Apache Kafka is a distributed streaming platform.

A streaming platform has three key capabilities:
– Publish and subscribe to streams of records, similar to a message queue or enterprise messaging system
– Store streams of records in a fault-tolerant durable way
– Process streams of records as they occur
Kafka is generally used for two broad classes of applications:
– Building real-time streaming data pipelines that reliably get data between systems or applications
– Building real-time streaming applications that transform or react to the streams of data

More about Kafka here.

our new Indexing architecture

The new architecture has two flows – real-time and backpopulation(non-realtime)

Real-time indexing flow
In real-time flow, data is available in ES within milliseconds of data being updated.

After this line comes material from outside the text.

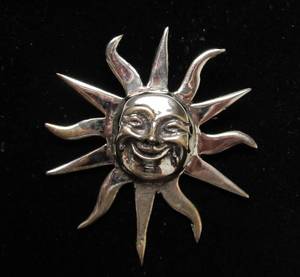 lot 42 image: Large Sterling Silver Smiling Sun Brooch 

USER UPDATES profile data –> MYSQL –> BINLOG –> MAXWELL publishes binlog event to –> KAFKA -> KAFKA CONSUMER reads binlog event(enriches data, may/may not call ES-DATA-SERVICE) –> ELASTICSEARCH

– For every DML operation Maxwell daemon ‘maxwell-streaming-etl-shaadi-db1’ produces its binlog events as a message to Kafka topic ‘streaming_realtime’.
– Kafka consumer ‘es-indexing-service’ written in Python subscribes to Kafka topic ‘streaming_realtime’ reads and enriches data or applies some business rules before indexing it to ES.
– If consumer ‘es-indexing-service’ receives update events of a simple field we directly index to ES. No SQL queries are needed here!
– If consumer ‘es-indexing-service’ consumer receives binlog events of a derived field we call ‘es-data-service’ which in response returns a list of ES field-value to be indexed in ES.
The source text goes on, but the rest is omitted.